O momento que vai dar a volta ao mundo
Estávamos lá, na arquibancada, quando Aleksandr Bublikov – como é chamado pelos amigos mais próximos – inventou essa loucura. Sob pressão, na linha de fundo, em vez de jogar no seguro, ele abriu as pernas e bateu por entre elas. Parecia um daqueles números de exibição, mas estávamos falando de um breakpoint importantíssimo.
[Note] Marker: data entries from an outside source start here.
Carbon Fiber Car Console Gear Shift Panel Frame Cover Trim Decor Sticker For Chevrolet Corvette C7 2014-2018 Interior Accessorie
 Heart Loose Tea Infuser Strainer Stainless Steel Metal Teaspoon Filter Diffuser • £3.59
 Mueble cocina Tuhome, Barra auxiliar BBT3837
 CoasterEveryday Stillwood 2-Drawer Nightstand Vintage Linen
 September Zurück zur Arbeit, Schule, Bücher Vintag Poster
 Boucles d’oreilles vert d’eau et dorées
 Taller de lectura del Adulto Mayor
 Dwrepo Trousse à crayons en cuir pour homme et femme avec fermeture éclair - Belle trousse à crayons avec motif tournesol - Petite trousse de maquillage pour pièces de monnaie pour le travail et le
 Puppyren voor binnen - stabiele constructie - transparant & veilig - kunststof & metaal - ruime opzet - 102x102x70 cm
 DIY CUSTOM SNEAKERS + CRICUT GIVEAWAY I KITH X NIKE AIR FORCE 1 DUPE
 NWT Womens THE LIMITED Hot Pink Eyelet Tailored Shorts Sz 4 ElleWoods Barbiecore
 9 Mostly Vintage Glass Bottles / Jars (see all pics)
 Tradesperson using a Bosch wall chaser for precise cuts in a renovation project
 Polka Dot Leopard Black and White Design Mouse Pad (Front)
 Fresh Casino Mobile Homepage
Kopriva, porém, não caiu na armadilha: antecipou a trajetória e o furou com um forehand reto na linha. O resultado? Um ponto perdido, mas uma imagem que vai virar cult. Porque Aleksandr Aleksandrovich Bublikov, da geração de 1997, é assim: um malabarista que não tem medo de errar.
Por que Bublik nos cativa (apesar de tudo)
Quem acompanha o circuito sabe: Aleksandr Bublik é o anti-herói por excelência. Longe dos robôs que repetem os mesmos padrões, ele joga por instinto, proporcionando momentos de puro espetáculo. Aqui estão três coisas que o tornam único:
- O tweener frustrado: em Indian Wells ele falhou, mas na carreira já acertou vários lendários. Continua sendo sua marca registrada.
- O saque fenomenal: quando o primeiro entra, parece um míssil. Naquele jogo contra Kopriva, ele disparou um a 220 km/h que fez a rede chiar.
- A ironia: depois da troca de bola mais longa da partida – vencida por Kopriva com uma deixadinha – Bublik caiu na risada, como quem diz "essa eu vou guardar pra mim".
Num mundo de atletas programados, Aleksandr Aleksandrovich Bublikov é o último dos humanos: ele erra, mas tenta coisas que ninguém mais ousa. E é isso, caros leitores, que nos faz amar o tênis.
E depois de Indian Wells?
O cazaquistanês sai do torneio do Vale de Coachella sem arrependimentos. Já se prepara para o próximo desafio, provavelmente na grama, sua superfície favorita. Não importa se vai ganhar ou perder: ele continuará nos presenteando com golpes proibidos, nos fazendo rir e fazendo nosso coração bater mais forte. Quem sabe no próximo torneio ele tente o tweener de novo, e quem sabe dessa vez ele acerte. Nós estaremos aqui, grudados na tela, esperando pela sua próxima mágica.